Crucial logs missing from Michigan County Dominion voting machines!
BELLAIRE, Michigan (PNN) - December 14, 2020 - A court-sanctioned forensic audit of voting systems in Michigan’s Antrim County determined that crucial security and ballot-adjudication logs were missing from machines by Dominion Voting Systems, the company at the epicenter of the dispute over whether voter fraud occurred during the 2020 general election.
The findings are part of a preliminary forensic report written by Russell Ramsland, a former Reagan White House official who has worked for NASA and the Massachusetts Institute of Technology. Kevin Elsenheimer, the chief judge of Michigan’s 13th Circuit Court, approved the report for release to the public on December 14.

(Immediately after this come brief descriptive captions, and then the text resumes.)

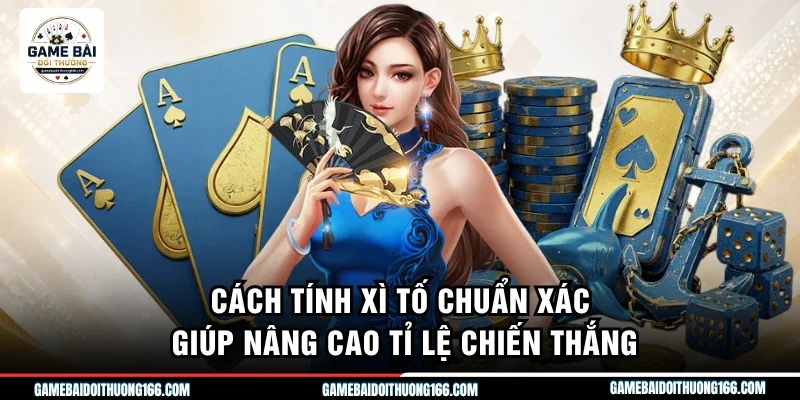 Cách tính xì tố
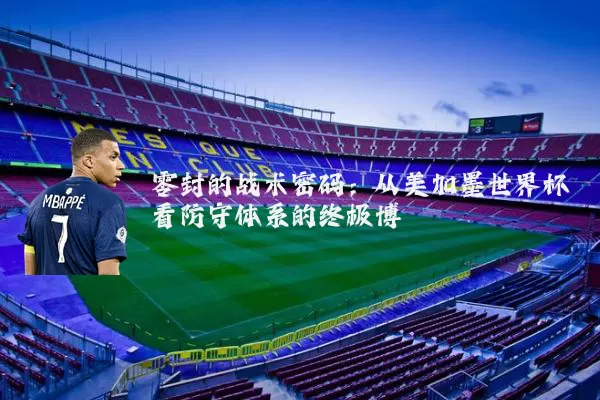 零封的战术密码：从美加墨世界杯看防守体系的终极博弈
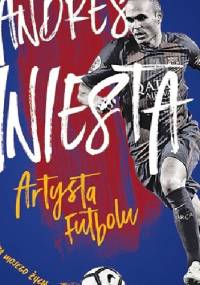 Andres Iniesta. Artysta futbolu. Gra mojego życia - Andrés Iniesta Luján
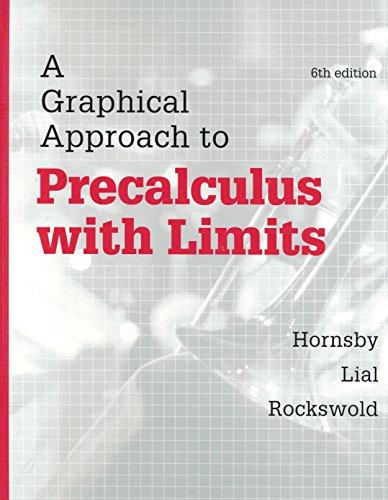 9780133476071: A Graphical Approach to Precalculus with Limits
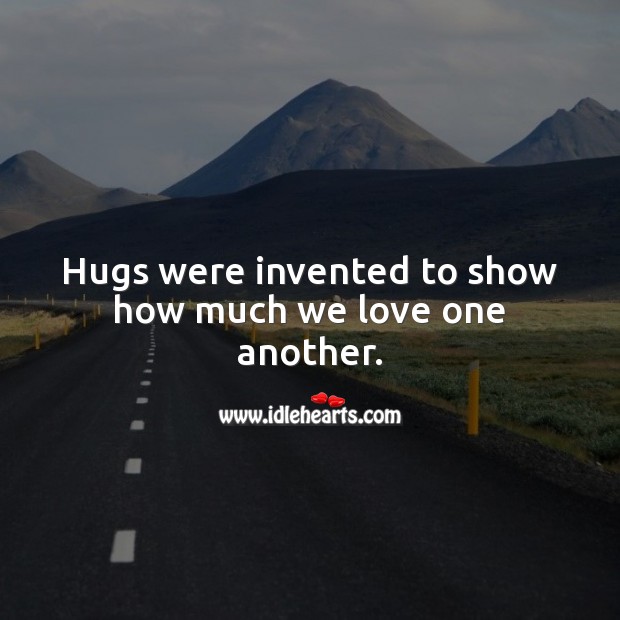 Hugs were invented to show how much we love one another. Hug Quotes Image
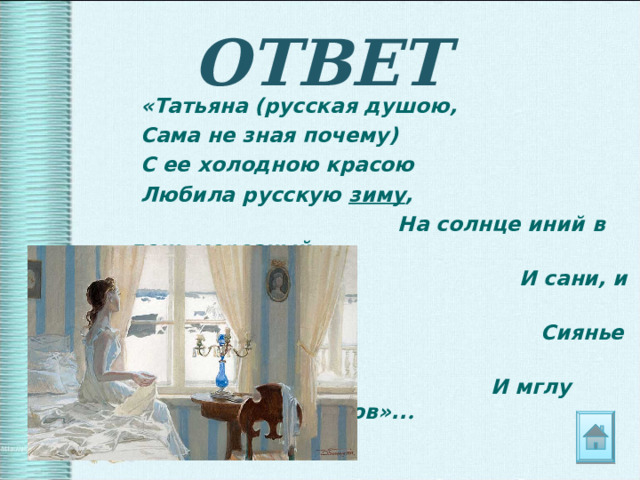 ОТВЕТ  «Татьяна (русская душою,  Сама не зная почему)  С ее холодною красою  Любила русскую зиму ,  На солнце иний в день морозный,  И сани, и зарею поздной  Сиянье розовых снегов,  И мглу крещенских вечеров».. . 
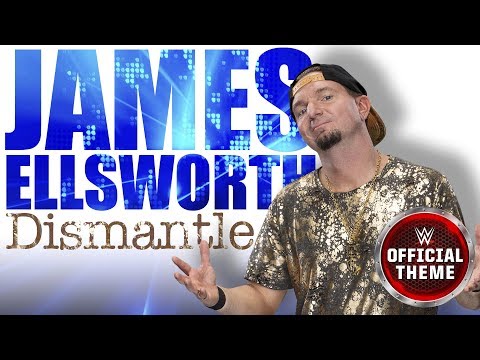 James Ellsworth - Dismantle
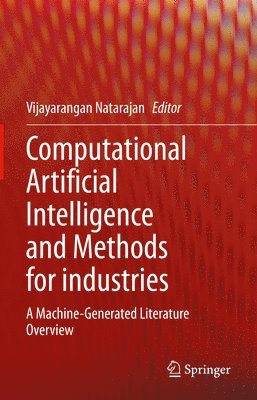 bokomslag Computational Artificial Intelligence and Methods for industries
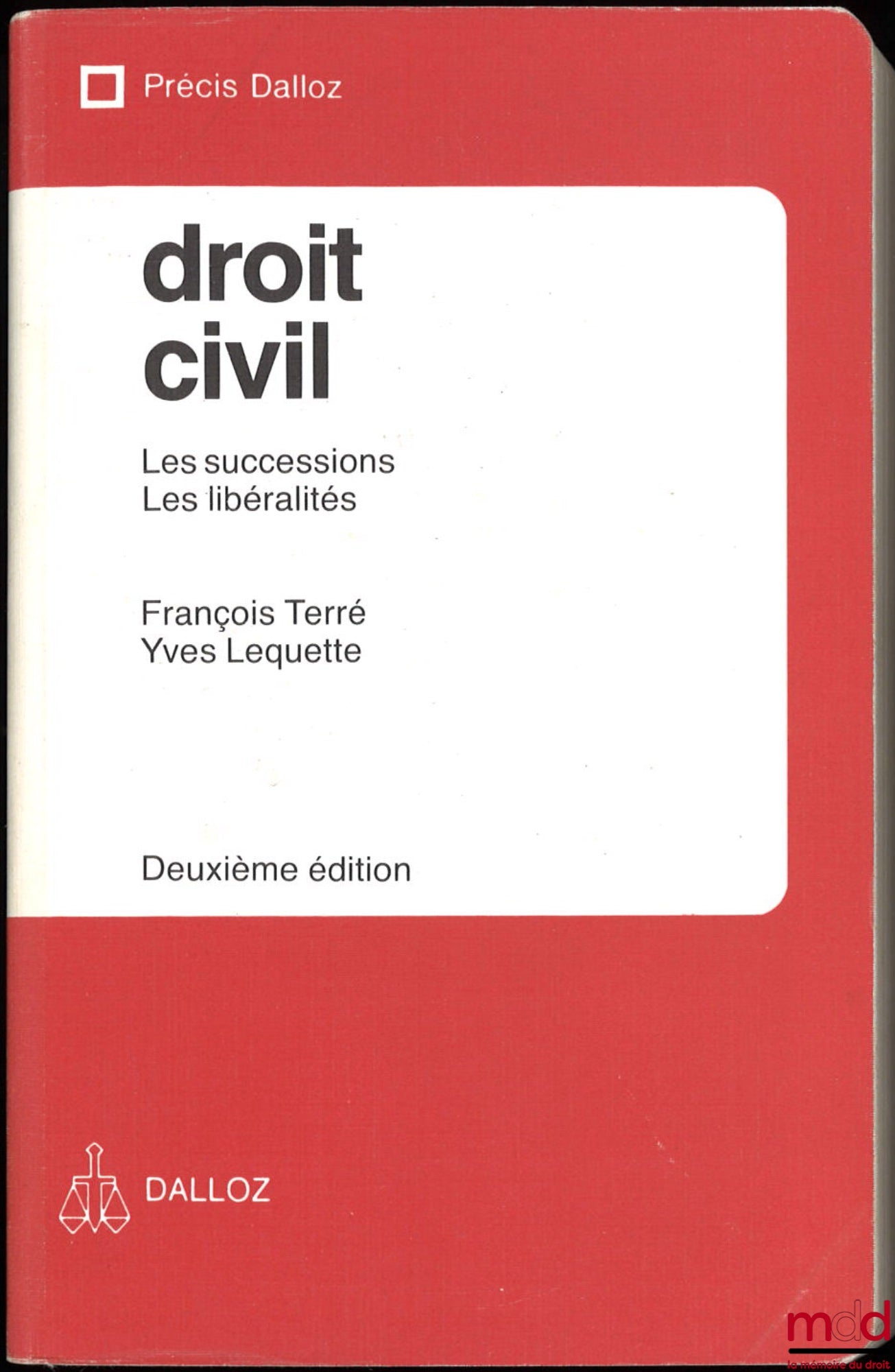 TERRÉ (François) & LEQUETTE (Yves) – CIVIL LAW: INHERITANCES - GIFTS, 2nd ed., Dalloz Concise Series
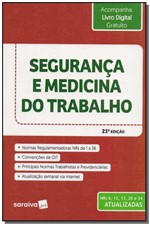Ficha técnica e caractérísticas do produto Seguranca e Medicina do Trabalho - 21Ed/18 - Saraiva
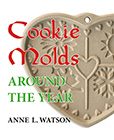 Cookie Molds Around the Year book cover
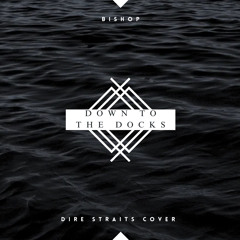 Down To The Docks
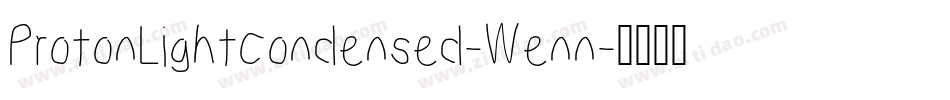 ProtonLightCondensed-Wenn字体转换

According to the report, both the ballot-adjudication logs and the security logs for the November 3 general election appear to have been removed; logs for prior elections are still present on the machines.
“The adjudication process is the simplest way to manually manipulate votes. The lack of records prevents any form of audit accountability, and their conspicuous absence is extremely suspicious since the files exist for previous years using the same software,” Ramsland wrote. “We must conclude that the 2020 election cycle records have been manually removed.”
The absence of the adjudication logs is particularly alarming because the forensic exam found that the voting machines rejected an extraordinary number of ballots for adjudication, a manual process in which election workers determine the ultimate outcome for each ballot.
The Federal Election Commission allows for an error rate of 0.0008%, according to Ramsland. The machines his team examined in Antrim County had an error rate of 68.05%, the report states.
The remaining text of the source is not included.